Moles of NaOH $$= 0.1 \text{ M} \times 0.1 \text{ L} = 0.01 \text{ mol}$$

When $$SO_2$$ reacts with NaOH, the reaction producing the normal salt is: $$SO_2 + 2NaOH \to Na_2SO_3 + H_2O$$

This reaction requires 2 mol NaOH per mol $$SO_2$$. With 0.01 mol NaOH, the maximum $$SO_2$$ that can react by this route is $$0.01/2 = 0.005$$ mol. Since we have 0.00916 mol $$SO_2$$ available, NaOH is the limiting reagent for forming $$Na_2SO_3$$.

Moles of $$Na_2SO_3$$ formed $$= 0.005$$ mol. The excess $$SO_2 = 0.00916 - 0.005 = 0.00416$$ mol escapes as gas since it is not fully consumed.

The non-volatile solute in solution is $$Na_2SO_3$$. It dissociates as: $$Na_2SO_3 \to 2Na^+ + SO_3^{2-}$$, so the van't Hoff factor $$i = 3$$.

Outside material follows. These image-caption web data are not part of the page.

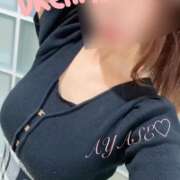 ヒメ日記 2025/12/28 03:16 投稿 綾瀬（アヤセ） アバンチュール(五反田)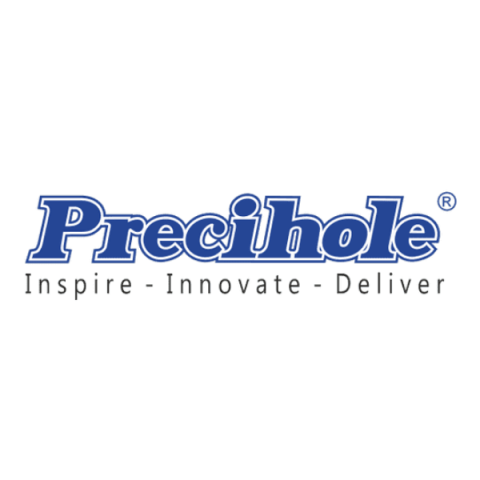 Precihole Machine Tools Pvt. Ltd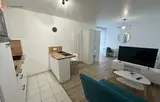 Miniature 0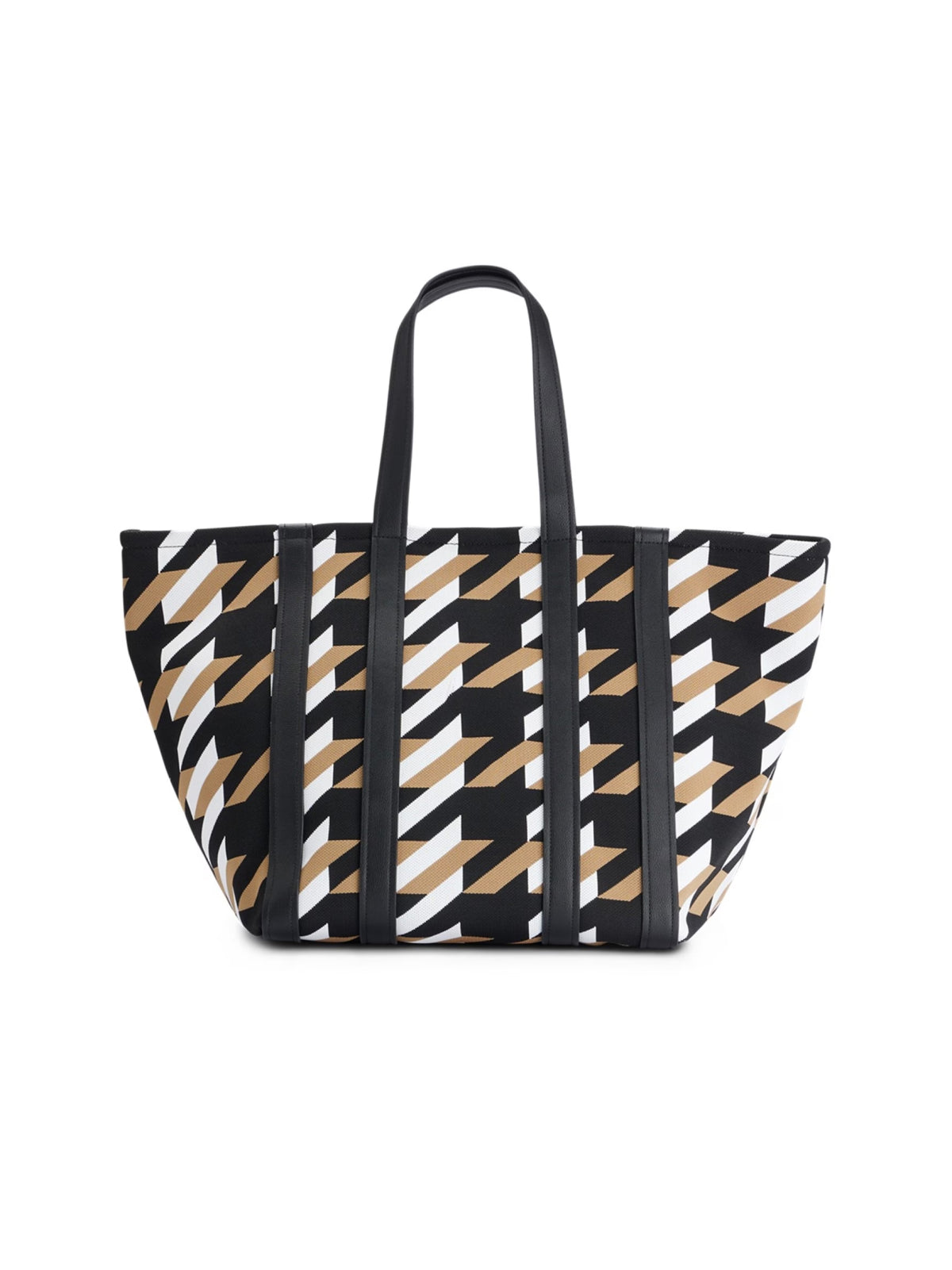 Addison MX Shopper Tote Bag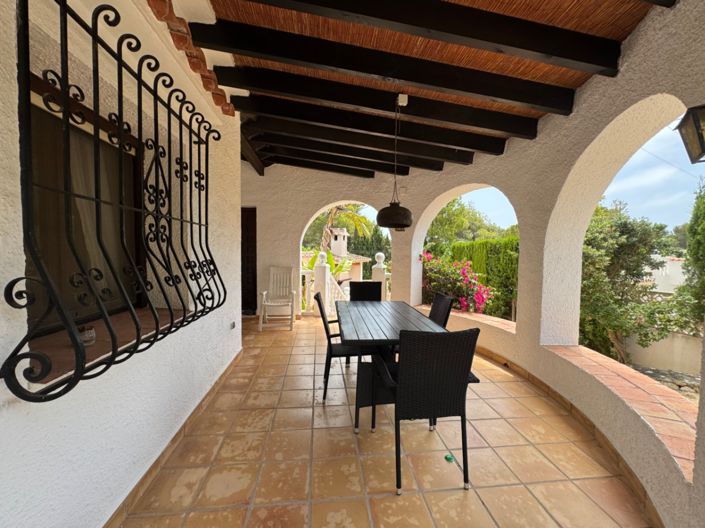 Image No.10-2 Bed Villa for sale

Moles of water $$= \frac{36}{18} = 2$$ mol.

For a dilute solution, the lowering of vapour pressure is given by Raoult's law:

$$\Delta P = P^\circ \times \frac{i \times n_{\text{solute}}}{n_{\text{solvent}}} = 24 \times \frac{3 \times 0.005}{2} = 24 \times 0.0075 = 0.18 \text{ mm Hg}$$

Therefore, $$\Delta P = 18 \times 10^{-2}$$ mm Hg, so $$x = \boxed{18}$$.